**Experience and Education:**
* Must have minimum one year management or supervisory level experience in the restaurant, hospitality, tourism or commercial recreation industries or minimum one year as certified trainer at RA Sushi with solid performance and proven result or 6 months as a certified Key RA’cker with written Regional Manager Approval.
* Strong Business Acumen with proven results in driving sales, decreasing
* College degree is preferred. Bachelor of Science degree in hotel/restaurant management is desirable. A combination of practical experience and education will be considered as an alternative.
* Working knowledge of POS Systems, Scheduling Tools and basic computer skills including Microsoft Office. Experience with Aloha, HotSchedules preferred.
* Ability to conduct gap analysis between desired and current state of expressed goals, based on business planning, knowledge of basic business operations, employee satisfaction, consumer satisfaction, and marketing effectiveness.
* High school diploma or GED Equivalent
* Valid driver’s license with clean driving record
* Must be eligible to work in the United States.
* Must submit to pre-employment screening.
* Serv Safe certified, alcohol service certified
**Competencies, Knowledge and Skills:**
* **Customer Service:** Must possess excellent customer service skills. Ability to maintain a high degree of professionalism when interacting with guests and dealing with guest complaints. Ability to monitor and anticipate guests’ needs and respond accordingly in an effort to maintain a positive and enjoyable dining experience.
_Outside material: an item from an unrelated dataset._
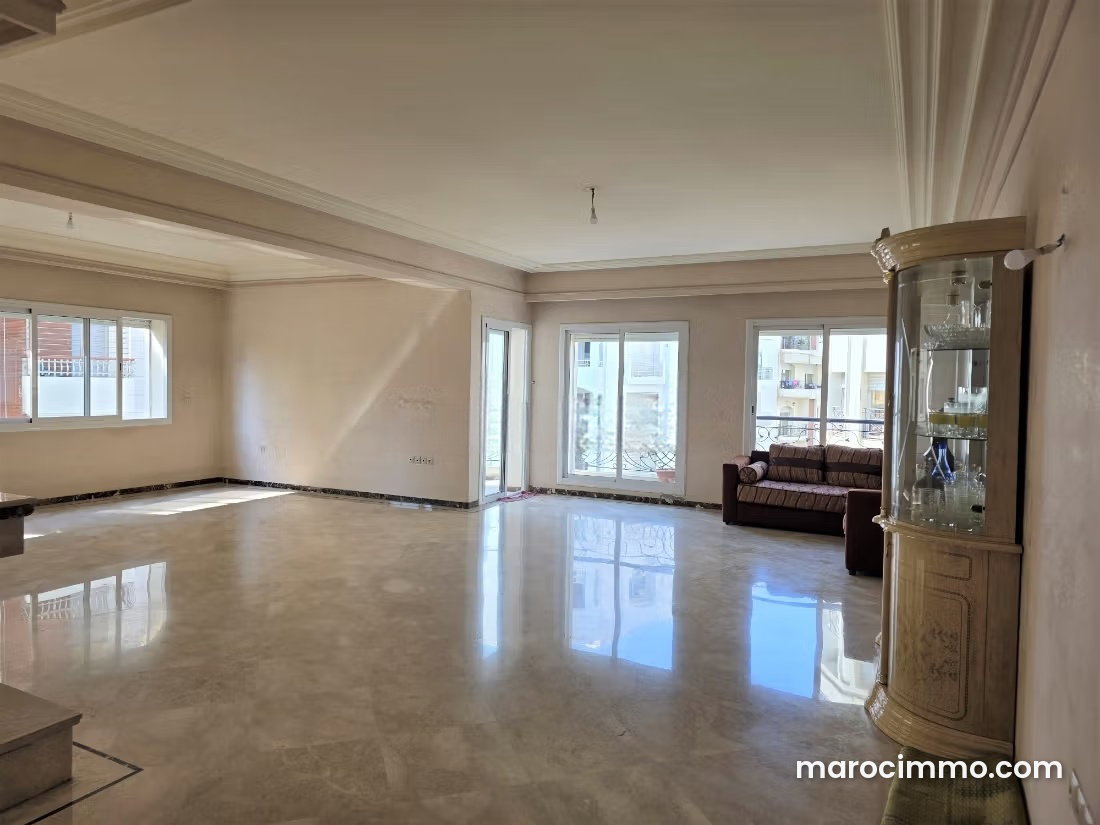 Spacious 254 sqm Apartment with Terrace in the Heart of Maarif, Casablanca — Casablanca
* **Communication:** Must possess excellent verbal and nonverbal communication skills. Must be able to interpret nonverbal cues in an effort to identify and correct potential problems. Must be able to effectively communicate in English.
* **Interpersonal Relationships:** Ability to adapt and interact with a diverse group of people. Ability to maintain a professional and courteous demeanor during stressful and/or busy times. Must be able to work as part of a team and recognize the importance of each team member’s role in the guest dining experience.
* **Physical Demands:** Must be able to perform a variety of physical activities including, but not limited to, standing for long periods of time, climbing, walking, bending, reaching, and lifting up to 50 lbs. Ability to carry and lift cookware (pots, pans, etc) containing hot or cool foods and liquids. Repetitive hand and wrist motion may be required. Working with hot, cold and hazardous equipment as well as operate phones, computers and other office equipment.
* **Food Knowledge, Preparation, Production and Safety:** Knowledge of industry standards on food storage and handling techniques is required. Must be able to clearly explain how food is prepared, cooked, and served to guests. Knowledge of hibachi and beverages is a plus.
* **Problem Solving and Conflict Management:** Must exercise sound judgment and possess good problem solving skills. Must have the ability to recognize and resolve problems in an appropriate manner.
* **Leadership:** Must possess self-discipline, initiative, leadership ability and outgoing, pleasant, polite manner and a neat and clean appearance. Ability to motivate employees to work as a team to ensure that food and service meet appropriate standards. Must be able to handle the pressures of simultaneously coordinating a wide range of activities and recommend appropriate solutions to restaurant problems. Ability to recognize, maintain and understand the need for confidentiality and handling confidential company information.
* **Shift Flexibility:** Must be able to work different shifts, include holidays, nights and weekends. Typical work week = 50 hours.